*** Begin section ***
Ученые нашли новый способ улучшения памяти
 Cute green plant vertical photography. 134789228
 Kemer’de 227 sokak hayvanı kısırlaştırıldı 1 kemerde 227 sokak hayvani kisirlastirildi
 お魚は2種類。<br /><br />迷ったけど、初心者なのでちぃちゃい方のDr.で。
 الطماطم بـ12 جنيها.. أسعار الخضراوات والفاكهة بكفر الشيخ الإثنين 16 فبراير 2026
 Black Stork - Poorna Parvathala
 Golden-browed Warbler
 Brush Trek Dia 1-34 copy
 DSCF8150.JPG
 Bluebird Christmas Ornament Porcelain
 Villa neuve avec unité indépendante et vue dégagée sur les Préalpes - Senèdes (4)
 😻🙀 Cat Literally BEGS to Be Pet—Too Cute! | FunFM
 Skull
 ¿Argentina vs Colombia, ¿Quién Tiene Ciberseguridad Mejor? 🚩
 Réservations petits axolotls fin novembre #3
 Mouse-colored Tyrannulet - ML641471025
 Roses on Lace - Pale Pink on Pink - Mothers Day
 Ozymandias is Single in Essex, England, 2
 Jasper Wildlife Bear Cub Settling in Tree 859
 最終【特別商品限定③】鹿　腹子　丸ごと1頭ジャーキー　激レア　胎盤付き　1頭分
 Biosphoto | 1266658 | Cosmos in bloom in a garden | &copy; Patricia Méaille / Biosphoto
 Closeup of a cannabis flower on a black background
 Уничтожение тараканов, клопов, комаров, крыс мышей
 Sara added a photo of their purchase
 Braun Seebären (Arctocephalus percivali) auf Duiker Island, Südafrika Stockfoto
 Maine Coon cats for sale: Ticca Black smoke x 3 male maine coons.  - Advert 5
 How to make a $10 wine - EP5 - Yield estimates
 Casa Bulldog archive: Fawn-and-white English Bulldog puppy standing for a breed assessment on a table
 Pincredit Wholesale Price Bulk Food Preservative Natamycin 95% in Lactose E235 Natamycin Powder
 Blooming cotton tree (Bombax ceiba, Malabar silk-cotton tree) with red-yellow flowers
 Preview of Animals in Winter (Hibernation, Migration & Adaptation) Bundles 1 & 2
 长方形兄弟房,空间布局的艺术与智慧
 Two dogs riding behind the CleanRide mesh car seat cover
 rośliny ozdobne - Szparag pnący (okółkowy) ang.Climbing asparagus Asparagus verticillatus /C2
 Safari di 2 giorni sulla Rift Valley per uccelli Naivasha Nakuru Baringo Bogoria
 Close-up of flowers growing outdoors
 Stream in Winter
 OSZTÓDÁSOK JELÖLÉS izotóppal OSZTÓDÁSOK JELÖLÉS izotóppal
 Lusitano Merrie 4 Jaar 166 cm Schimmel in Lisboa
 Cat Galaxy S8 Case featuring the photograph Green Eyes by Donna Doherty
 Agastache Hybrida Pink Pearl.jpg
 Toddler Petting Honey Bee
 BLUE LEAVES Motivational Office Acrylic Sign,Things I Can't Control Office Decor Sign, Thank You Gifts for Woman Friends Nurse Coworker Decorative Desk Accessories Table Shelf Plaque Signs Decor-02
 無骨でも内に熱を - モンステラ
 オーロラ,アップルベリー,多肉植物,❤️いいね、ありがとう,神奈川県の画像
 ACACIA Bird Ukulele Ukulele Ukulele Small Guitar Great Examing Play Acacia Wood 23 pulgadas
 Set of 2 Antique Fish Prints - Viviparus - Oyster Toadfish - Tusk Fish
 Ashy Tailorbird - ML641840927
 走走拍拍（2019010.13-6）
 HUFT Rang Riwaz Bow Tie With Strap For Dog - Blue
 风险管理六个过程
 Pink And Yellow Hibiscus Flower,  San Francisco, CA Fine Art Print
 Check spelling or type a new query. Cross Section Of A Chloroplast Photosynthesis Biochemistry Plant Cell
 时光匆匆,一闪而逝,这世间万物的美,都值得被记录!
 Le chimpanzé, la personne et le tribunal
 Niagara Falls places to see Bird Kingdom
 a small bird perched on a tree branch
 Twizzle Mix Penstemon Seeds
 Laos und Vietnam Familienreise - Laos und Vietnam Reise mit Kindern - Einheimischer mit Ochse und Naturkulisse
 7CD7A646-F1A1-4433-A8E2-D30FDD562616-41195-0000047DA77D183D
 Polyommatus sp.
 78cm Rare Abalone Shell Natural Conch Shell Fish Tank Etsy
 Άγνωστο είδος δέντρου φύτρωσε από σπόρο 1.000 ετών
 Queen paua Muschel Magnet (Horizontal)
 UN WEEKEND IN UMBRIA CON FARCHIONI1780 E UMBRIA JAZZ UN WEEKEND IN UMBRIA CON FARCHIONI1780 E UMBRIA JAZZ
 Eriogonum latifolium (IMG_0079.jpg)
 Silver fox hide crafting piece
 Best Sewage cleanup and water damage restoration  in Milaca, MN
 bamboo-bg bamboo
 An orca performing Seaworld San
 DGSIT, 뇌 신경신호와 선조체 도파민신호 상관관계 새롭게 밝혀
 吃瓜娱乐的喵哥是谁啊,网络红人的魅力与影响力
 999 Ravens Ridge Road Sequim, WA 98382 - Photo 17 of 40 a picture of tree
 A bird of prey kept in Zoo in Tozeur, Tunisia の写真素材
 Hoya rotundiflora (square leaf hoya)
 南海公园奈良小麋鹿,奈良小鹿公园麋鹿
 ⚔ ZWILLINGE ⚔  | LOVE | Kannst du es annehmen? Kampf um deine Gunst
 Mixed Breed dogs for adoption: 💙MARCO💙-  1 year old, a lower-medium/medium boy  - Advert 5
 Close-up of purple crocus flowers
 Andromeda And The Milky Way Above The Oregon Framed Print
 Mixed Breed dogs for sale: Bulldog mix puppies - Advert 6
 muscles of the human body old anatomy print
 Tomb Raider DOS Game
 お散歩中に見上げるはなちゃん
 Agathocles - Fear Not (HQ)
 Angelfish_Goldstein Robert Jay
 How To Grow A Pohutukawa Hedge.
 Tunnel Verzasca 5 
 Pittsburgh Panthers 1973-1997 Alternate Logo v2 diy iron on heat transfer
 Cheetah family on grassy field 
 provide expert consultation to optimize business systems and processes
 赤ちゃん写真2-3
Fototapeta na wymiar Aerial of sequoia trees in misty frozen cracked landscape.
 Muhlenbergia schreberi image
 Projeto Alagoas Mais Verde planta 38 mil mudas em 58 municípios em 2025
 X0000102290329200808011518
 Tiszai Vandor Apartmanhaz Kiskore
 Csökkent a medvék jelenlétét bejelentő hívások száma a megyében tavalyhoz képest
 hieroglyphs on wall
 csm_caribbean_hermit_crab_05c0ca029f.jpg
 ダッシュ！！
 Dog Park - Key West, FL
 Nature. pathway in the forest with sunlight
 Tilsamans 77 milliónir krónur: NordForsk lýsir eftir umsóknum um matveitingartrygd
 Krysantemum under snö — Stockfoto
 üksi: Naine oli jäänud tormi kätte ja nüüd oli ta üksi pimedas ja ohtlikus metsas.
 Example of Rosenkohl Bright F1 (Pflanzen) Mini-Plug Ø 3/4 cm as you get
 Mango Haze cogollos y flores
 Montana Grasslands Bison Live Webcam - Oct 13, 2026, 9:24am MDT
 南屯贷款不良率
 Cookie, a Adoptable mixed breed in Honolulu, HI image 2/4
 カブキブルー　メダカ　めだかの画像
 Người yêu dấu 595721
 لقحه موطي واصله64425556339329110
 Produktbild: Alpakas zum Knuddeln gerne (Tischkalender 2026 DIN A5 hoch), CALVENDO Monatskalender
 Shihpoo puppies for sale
*** End section ***
* [INSTRUCTIONS FOR THE TASK] Return, unchanged, each line from the line containing "Cookie, a Adoptable" through the last line of the material.

* [ANSWER FOR THE TASK]
 Cookie, a Adoptable mixed breed in Honolulu, HI image 2/4
 カブキブルー　メダカ　めだかの画像
 Người yêu dấu 595721
 لقحه موطي واصله64425556339329110
 Produktbild: Alpakas zum Knuddeln gerne (Tischkalender 2026 DIN A5 hoch), CALVENDO Monatskalender
 Shihpoo puppies for sale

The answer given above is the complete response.